Variedades

Após problemas de produção, estreia o esperado ‘O Homem que Matou Dom Quixote’

29/05/2019

Durante mais de 20 anos, Orson Welles tentou realizar sua transposição do romance mítico de Miguel de Cervantes para a Espanha contemporânea, mas estava escrito que seu Dom Quixote permaneceria inacabado – em 1960 e 72, as mortes dos atores Francisco Regueira (Quixote) e Akim Tamiroff (Sancho Pança) colocaram fim ao ambicioso projeto. Ao se lançar à sua adaptação, Terry Gilliam talvez não imaginasse o tanto de dificuldades que também iria enfrentar. Em termos de tempo, o período foi maior ainda. 30 anos! Incluíram a morte de Jean Rochefort, que seria Sancho Pança, a falta de recursos da produtora do português Paulo Branco – dos filmes de Manoel de Oliveira – para sustentar a imaginação delirante do cineasta, e as inúmeras batalhas judiciais.

Durante o processo, Gilliam perdeu os direitos, mas nem isso o fez desistir. Ele prosseguiu com o filme à revelia de Branco, um amigo de Cannes, mas que tentou embargar a apresentação especial, como obra de encerramento no Festival do ano passado. A ovação que Gilliam recebeu no palais pouco ou nada teve a ver com as qualidades do filme, e sim como um reconhecimento à tenacidade do artista. “Consegui!”, bradou o ex-Monty Python, para logo acrescentar, reconhecendo o esforço coletivo, “conseguimos!”

“We got it” – e foi com alívio que Gilliam havia feito a ‘montée des marches’, a tradicional subida da escadaria do Grand Théâtre Lumière. Ex-integrante do irreverente humorístico inglês, ele, na sua fase independente do grupo inglês, fez filmes como Brazil, Os Doze Macacos, O Pescador de Ilusões, As Aventuras do Barão Munchausen, Medo e Delírio, Os Irmãos Grimm, etc. Vários desses filmes lidam com os dilemas da criação e da arte, e O Homem Que Matou Dom Quixote não foge à regra. Adam Driver faz um cineasta cínico que entra na loucura de um sapateiro espanhol que se considera o próprio cavaleiro da triste figura.

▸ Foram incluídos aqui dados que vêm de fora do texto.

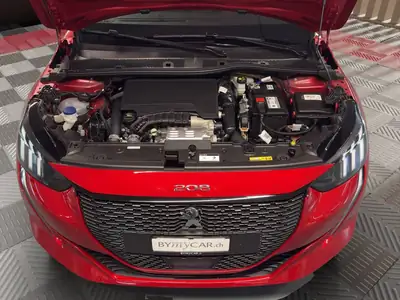 Peugeot 208 1.2 PureTech GT Pack — Citadine sportive, boîte auto, 9400 km seulement — Miniature 10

Jonathan Pryce é quem faz o Quixote, e as aventuras do herói de Cervantes passam a ser as dele, e de Driver – que se chama Toby.

O diretor do filme dentro do filme, tal como está na tela, é uma contribuição do escritor Tony Grisoni, que há quatro anos – cinco, pois Gilliam fez essas declarações em Cannes, 2018 -, tem levado muita gente a ver O Homem Que Matou Dom Quixote como autobiográfico. “Sem dúvida que seria outro filme, se eu tivesse conseguido concluí-lo antes. Minha percepção do mundo e da arte, da própria vida, mudou muito porque se trata de um lapso de tempo muito grande, e muita coisa ocorreu comigo. Os atores foram se sucedendo e, mesmo os que não estão no filme, acabado enriquecendo meu olhar sobre o personagem. E, no final, não sou eu, mas um livro imenso, que abarca a experiência humana, e que eu, numa espécie de delírio, me dediquei, obsessivamente, a formatar, como obra cinematográfica, para o espectador. O próprio cinema mudou, mas a ideia foi sempre abordar a imortalidade do Quixote como personagem, e buscar equivalentes para complexidade da escrita.”

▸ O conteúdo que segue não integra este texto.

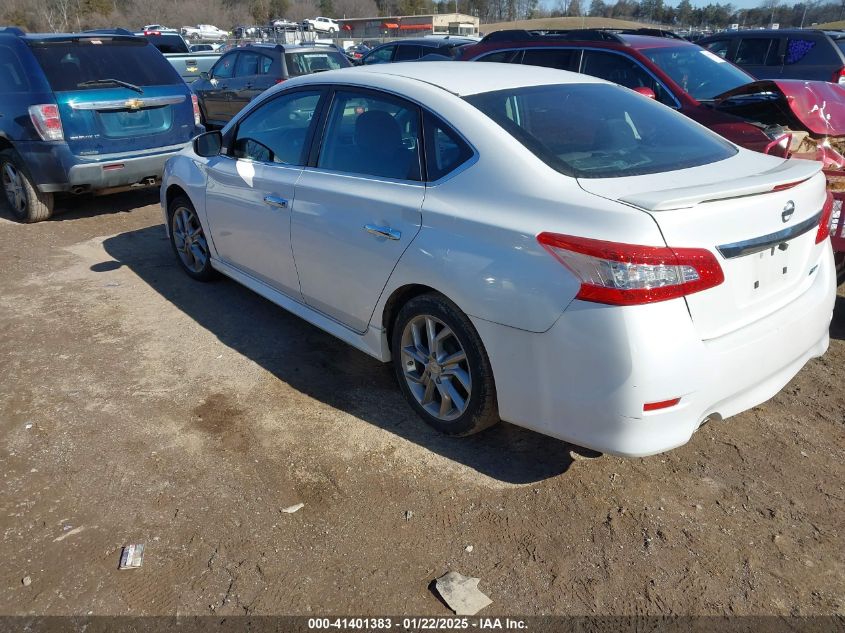 VIN 3N1AB7AP6DL724046 2013 Nissan Sentra, SR no.3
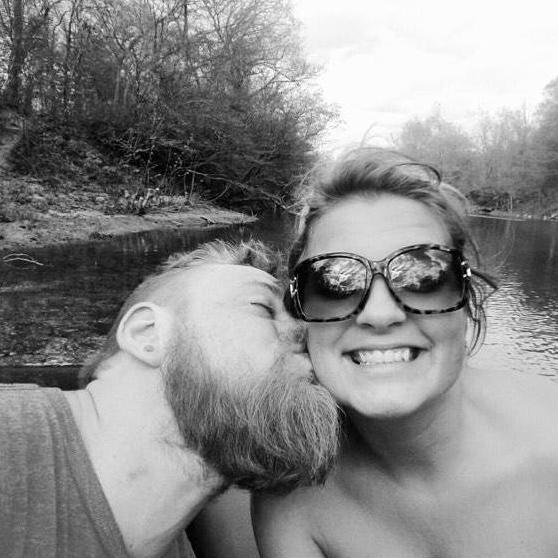 Easter Weekend Float 2017, This was our first outing as a couple... Brandy just didn't know it yet, lol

Gilliam admite que a loucura do Quixote é um pouco a dele. “Houve um momento, lá atrás, quando as coisas começaram a dar errado para mim, e foi na época de Barão Munchausen, que eu me vi na encruzilhada. Conheci tanta gente talentosa que se perdeu em Hollywood. Jurei, para mim mesmo, que nunca faria filmes para ganhar dinheiro, mas só aqueles que fossem transcendentais para mim. E aí me ofereceram belos roteiros hollywoodianos, como os de O Pescador de Ilusões e Os Doze Macacos, e eu quebrei minha regra, indo filmar no cinemão. Descobri que, para ser fiel a mim mesmo, às vezes teria de me trair.”

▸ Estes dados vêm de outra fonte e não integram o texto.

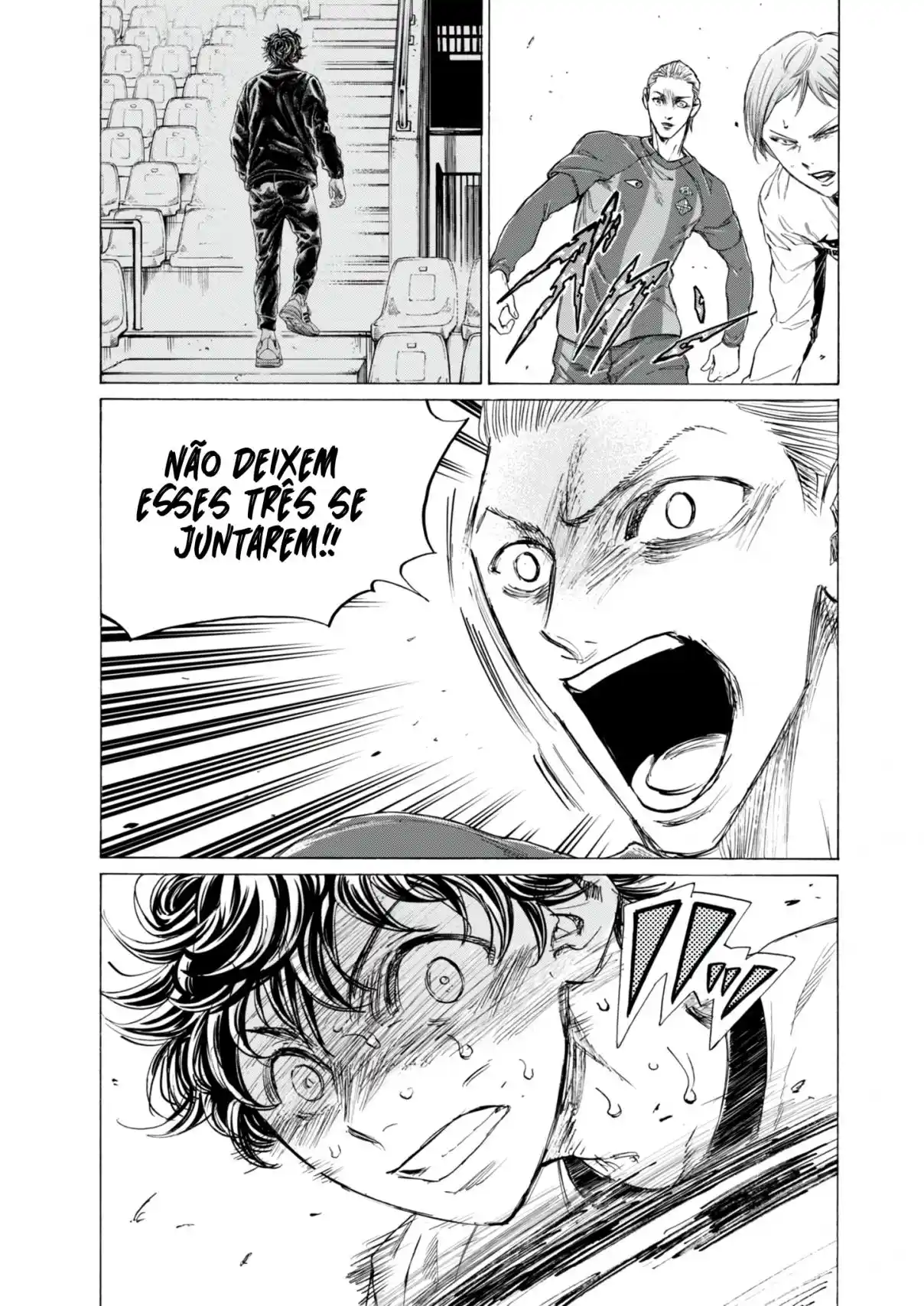 Read Ao Ashi pt Manga Online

E o cineasta acredita que esse sentimento permeia as histórias de Toby e do Quixote. “(Orson) Welles também quase enlouqueceu querendo fazer seu Quixote, trazendo-o para a Espanha dos anos 1960 e 70.” E aqui é preciso interromper o texto para advertir sobre o spoiler. “O final do filme foi mudando ao longo do tempo, e foi bom que eu tenha demorado tanto. Porque fazer com que Toby, após a morte do Quixote, assuma suas linhas deu ao filme uma continuidade temporal muito rica. Creio que atingi a imortalidade e, no limite, fiz o filme que queria, mesmo não sendo o ideal.”

As informações são do jornal O Estado de S. Paulo.